## TASK DETAILS
Using the data below, transcribe exactly everything from the line that contains "Wall Mural - Little" down to the line that contains "Menschen stehen vor". Include both of those lines and none of the pictures.

## PROVIDED ENTRIES

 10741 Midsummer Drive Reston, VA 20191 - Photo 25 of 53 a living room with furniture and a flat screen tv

--

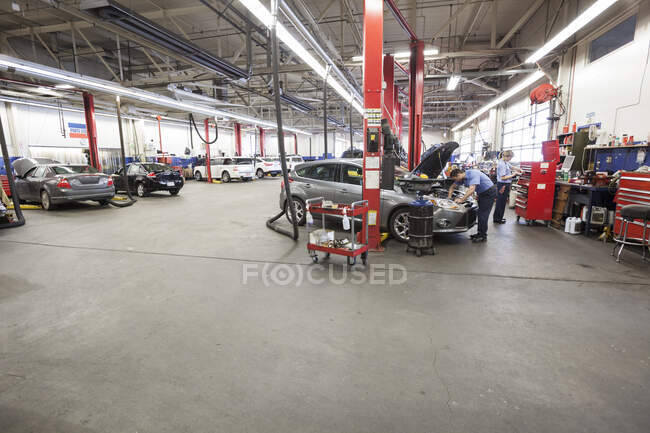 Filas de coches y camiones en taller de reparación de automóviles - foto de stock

* * *

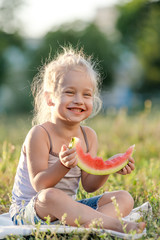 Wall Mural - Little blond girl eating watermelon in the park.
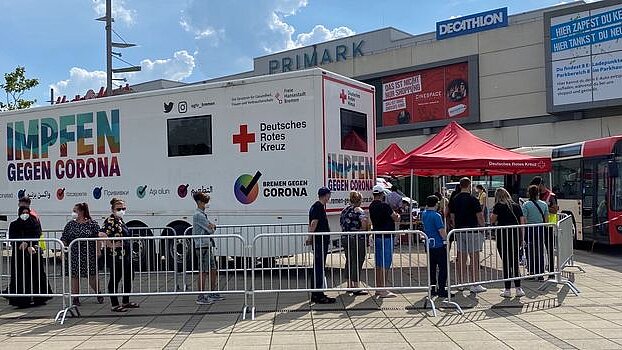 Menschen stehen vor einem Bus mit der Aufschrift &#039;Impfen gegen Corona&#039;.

## ANSWER TO THIS TASK
 Wall Mural - Little blond girl eating watermelon in the park.
 Menschen stehen vor einem Bus mit der Aufschrift &#039;Impfen gegen Corona&#039;.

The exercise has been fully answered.